What to produce:
In the listing below, find the line with "Silhouette of a" and copy every line from there up to and including the line with "Contemporary staircase chandelier", exactly and without pictures.

Dataset records:

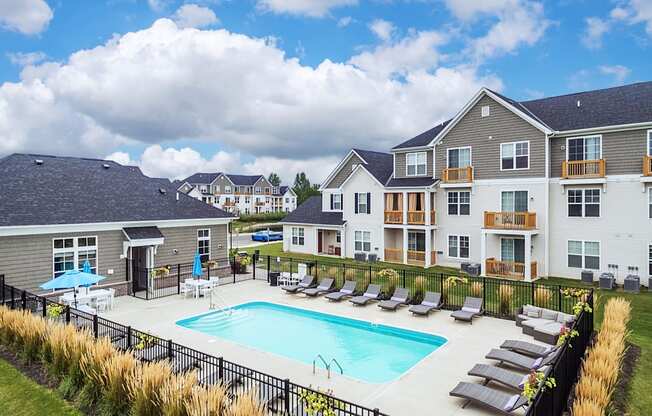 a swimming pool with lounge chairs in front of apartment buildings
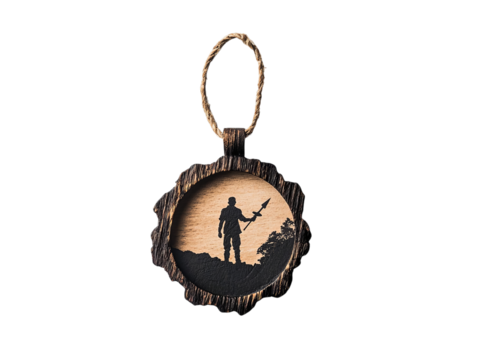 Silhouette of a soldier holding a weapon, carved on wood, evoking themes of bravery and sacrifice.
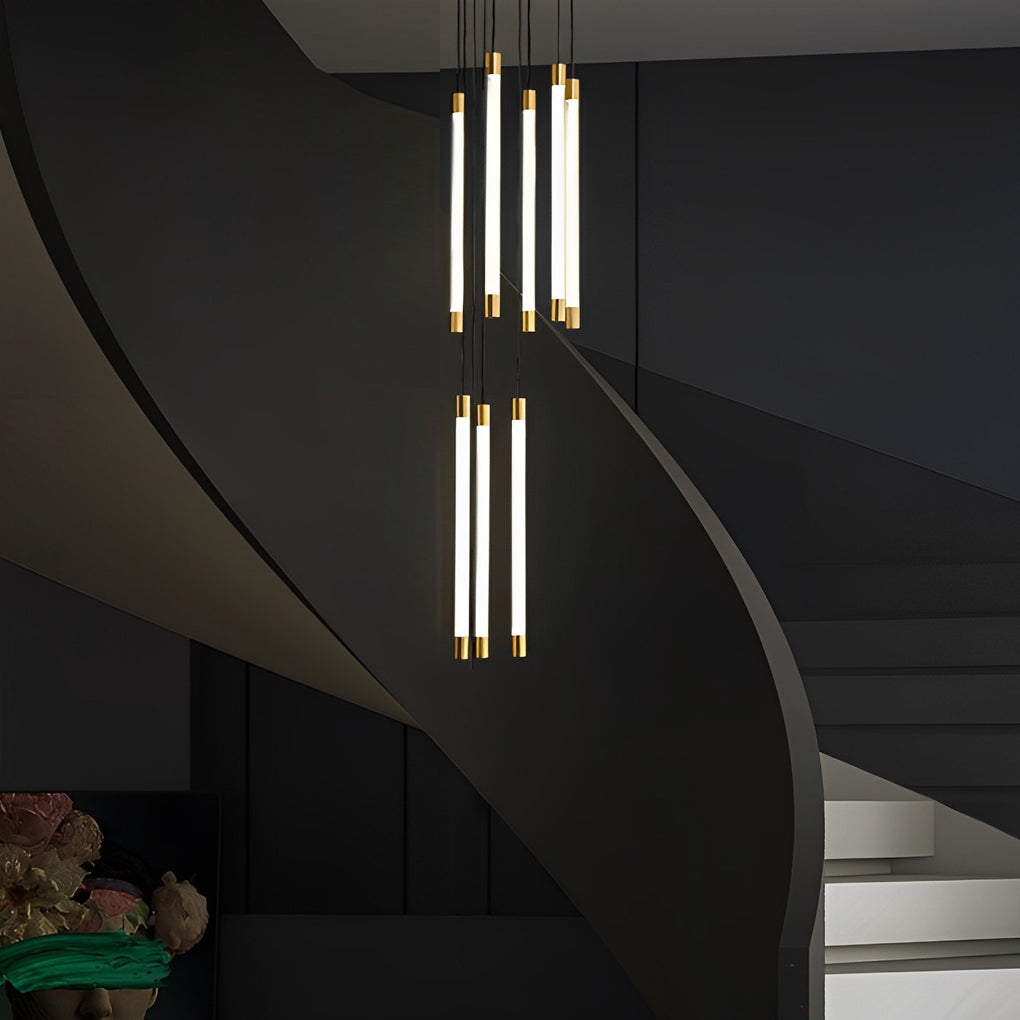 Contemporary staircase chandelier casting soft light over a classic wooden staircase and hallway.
---
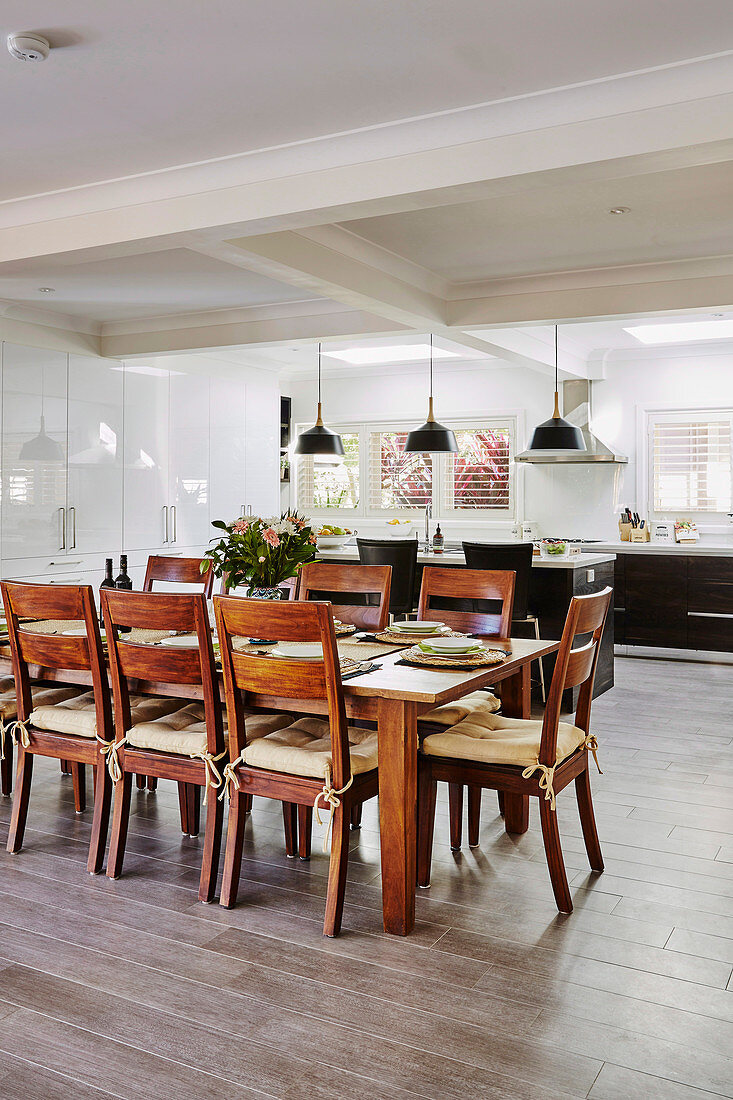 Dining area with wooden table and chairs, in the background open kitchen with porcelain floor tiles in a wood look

Your solution:
 Silhouette of a soldier holding a weapon, carved on wood, evoking themes of bravery and sacrifice.
 Contemporary staircase chandelier casting soft light over a classic wooden staircase and hallway.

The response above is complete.